Writer and translator Kareem James Abu-Zeid was a Lannan Foundation Resident in Marfa this summer. Earlier on July 12, in the underlit space of the Marfa Book Company Annex, he read his translations of poetry from the Arab world, along with a few of his own unpublished poems. A black room with dimmed lights – how was Abu-Zeid even able to see the text in front of him? – reinforced what was by any measure a dark selection of texts.

Abu-Zeid read from Najwan Darwish (poet, Palestine), “Nothing More to Lose” (New York Review Books, 2014); Dunya Mikhail (poet, Iraq), “The Iraqi Nights” (New Directions, 2014); and Rabee Jaber (novelist, Lebanon), “Confessions” (forthcoming, New Directions, 2014).

Because he is an extremely well informed scholar, he presented a brief historical context for each of the authors.
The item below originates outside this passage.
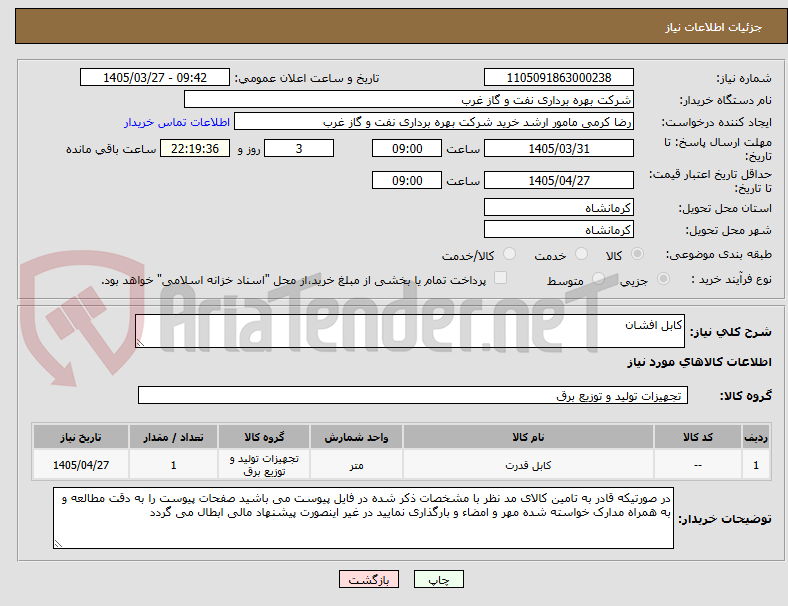 کابل افشان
And because recent literature from the Arab world is so unknown amongst American audiences (or to me, at least), these historical sketches had to be brief and painted with broad strokes. What’s more, Abu-Zeid was describing a political and cultural territory that most of us only know through the distorting mechanisms of “breaking news” – inevitably such news involves body counts, names of weapons, and disputed borders that we might have trouble finding on a map, to say nothing of our ability to account for why that border is in dispute at all.

What I really want to emphasize, from my perch as a listener, was my ignorance. Ignorance of the politics of the region; of contemporary poetry; of the problems that pertain specifically to translating this material; of the challenge in presenting it to an audience in West Texas. What I observed was that the language Abu-Zeid used in his translations – in particular for the works that were most directly addressing the military conflicts in the region – was very direct and simple. It was not language that was, on its own, poetic, in that classic sense of ornate and allusive. My assumption is that the original Arab was similarly direct, and Abu-Zeid’s role as a translator was to preserve that character in each poem’s new English form. When Abu-Zeid concluded with three poems of his own, the language opened up considerably to musicality and evocation. One piece even included a repeated stanza that functioned like the chorus of a song.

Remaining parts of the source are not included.